The entire process was made smoother by the on-boarding app and the communication on the deliverables of the project before the internship started which gave us appropriate time to align our thoughts and gain perspective from professors and industry leaders.
The organization welcomed us and the people were warmer than I had expected. They were eager to teach and even more eager to learn. I quickly lost the feeling of being an outsider. And that, I believe, made me my best self. Every time I blocked time on an employee’s calendar, be it the MD, a senior product manager or the marketing head I had their attention, they valued my opinion and gave me constructive feedback. These meetings collectively taught me that being aggressively competitive is the way of the past. Collaboration is the present and the future. When you are competing, you are taking a piece of the pie. And when you are making the pie. And the world needs a bigger pie. Now, more than ever. J&J believed in this and to make the best of my time here, I needed to network, network and network.
My summer internship project was extremely complex and involved a lot of data handling and analysis. It was a live project that would point out the loopholes in the existing territory definition plans and processes and help plug them. I applied the fundamental principles of statistical analysis and modelled using advanced Excel techniques. Some concepts from sales management and operations management were also used.

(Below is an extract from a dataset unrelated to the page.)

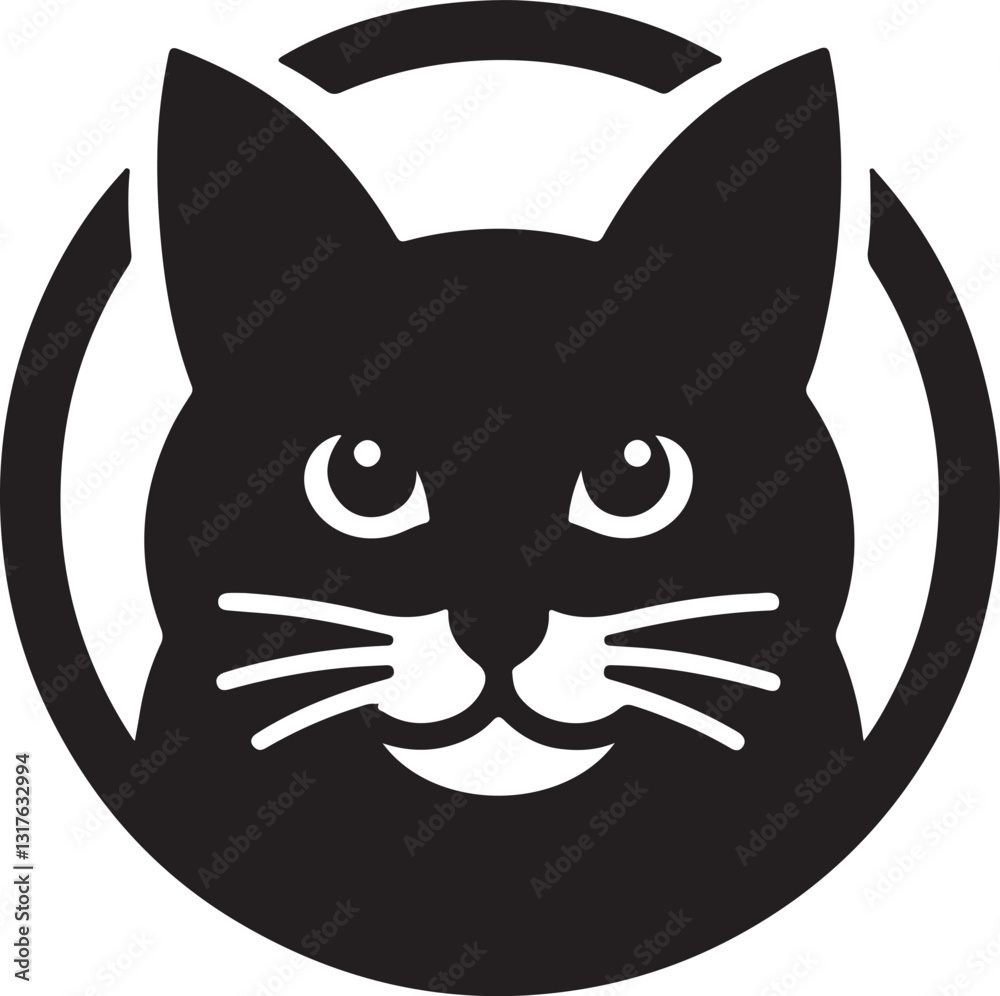 Fototapeta premium Bold Cat Logo Vector in Black and White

Applying what I had learnt at school gave me massive motivation to work harder and put in extra hours when no one was counting. Every now and then, I would hit a few bumps and get overwhelmed by the data that I was handling and on one of the many challenging days at work my guide said, “Business is ruthless”. What hit me hard was not what he had said but the fact that despite this reality I was guided by an individual who had retained empathy years after being a part of the corporate world. “It’s okay," he would say when I was flustered. He invested his time, letting me bounce ideas off of without the fear of embarrassment and in the process reinforcing my faith in my own ideas. He showed me why referent power in leadership is so effective. I was given full autonomy in terms of the recommendations I made and the kind of analysis I wanted to do.
Circumstance, people and hard work together led the internship to a fruitful culmination and my work was appreciated by the review panel. I was appointed the best intern from Janssen and with that, I got an opportunity to present to the leadership team of the organization.
Those thirty minutes were the highlight of my internship with J&J.